Part 2 : All the legal stuff
This workshop was given by Monique Rhuggenaath, a former lawyer and current Etsy seller. She sells bags, purses and passport covers in her main shop BagsByTravelHer. In her second shop SilksByUmf she sells beautiful Indian silks. I’ve actually bought two of her passport covers, one for me and one for as a gift for my mom, and I have to say they are stunning! Most of all I was amazed by the great quality of the product. So please check her shops out! Monique also had a motto for her workshop:
“Start at the beginning!”
She ensured us that while we don’t have to take advantage of all the possibilities available to us; we do need to have at least thought about it. So start looking at what you want to achieve and sell. What legal steps do you need to consider for this endeavour?
– Look at what legal description applies to your shop. Is it a one-person-business? Are there other people or even employees involved? What implications does this have for taxes and registration? You should also investigate if the place you have your work space is even allowed to be used as such. If you rent a home you might not be allowed to make commercial products there.
– Do you want to register your brand name? Do you want to register a domain for your brand? Maybe you don’t want to make a website for your brand right now (outside of Etsy), but you might somewhere in the future and you might want the insurance that the domain name will be available. You could start looking at places where you could register and what prices they have.
– What insurances could be relevant for you and your shop? If your home is your workplace, your products may not be covered by the regular home insurance. Also you might want to consider a liability insurance to protect yourself from getting sued by a customer. This might be expensive or not relevant for you right now, but at least give it a thought.
– Check your local Chamber of Commerce at what they can offer you. Actually, the moment you open your web shop you’ve started a business. You might want to consider registering it. Registration comes with both upsides and downsides. Investigate if it’s beneficial for you. The downsides of course are the fees and guidelines and laws you need to follow. However, the upsides might include loads of interesting information for your shop, workshops, being recognised as an official store and legal support.
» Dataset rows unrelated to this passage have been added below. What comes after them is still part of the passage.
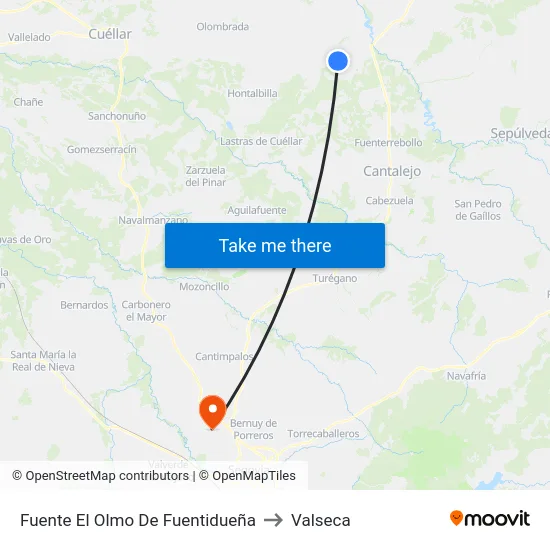 Fuente El Olmo De Fuentidueña to Valseca map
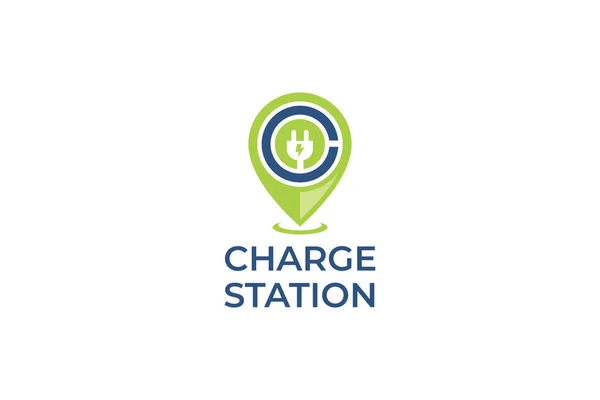 Illustration Vector Graphic Modern Electric Charging Car Logo Design Template — Stock Vector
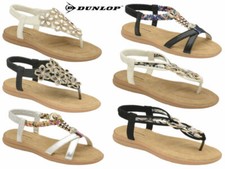 Ladies Dunlop Sandals Summer Embellished Beach Holiday Strappy Comfort Flat Shoe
Ask for a brochure or check out their website for more information. Also make sure when you’re registering that you don’t describe your endeavour too wide or too narrow. Both can have their own implications.
– Be mindful of the Tax Agency and find out what taxes you need to pay and what benefits or tax cuts you could gain. On this point you basically have to find all the information for yourself as what goes for one country might be completely different for another.
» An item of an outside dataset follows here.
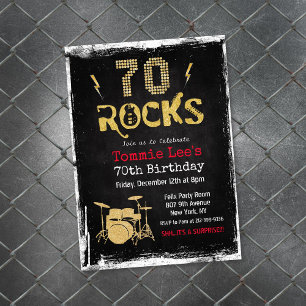 Convite de Aniversário de 70 Anos 70 Rocks Rocksta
– There are other institutions that might help you or could demand money from you. Check your Chamber of Commerce for more information.
Contact with your customers
– In the Netherlands there are a few laws you should pay attention to with your web shop. There’s the “wet verkoop op afstand” which deals with the rights customers have as pertaining to returns. Your country might also have some regulations you should be aware of.
– If you live in the EU your identity should be clear on the website of your shop. Your name, location and email address are the minimum of information that needs to be there. It should be clear to which individual the web shop is linked to.
– Make it clear if taxes are included in your prices, if there are additional costs (shipping and handling for example) and what the conditions are. As soon as a customer has bought your product (and paid for it) you are committed to a contract with this customer.
– Be absolutely clear in your description what the product is that you’re selling so the customer won’t be confronted with (unpleasant) surprises.
– Consider what liabilities your products might be subject to and inform your (potential) customers about them. Is there a chance that great bag you made might stain on white clothing? Be honest about it in your description. If you’re honest about it you have an insurance if a client comes back to complain about your product.
What did I learn from this? A lot to be honest! And there is still so much to learn. To start I’m going to order some brochures and some books about subject. I am going to get myself informed. And more importantly: I’m going to inform my customers. I also learned that in a conflict the laws of the country where the customer lives are the ones that are valid. So firstly it really pays off to be absolutely clear in your item descriptions and shop policies. Secondly you might want to consider offering more customer service than you would ever demand yourself. Gaining a satisfied customer can have a lot more implications than winning a dispute.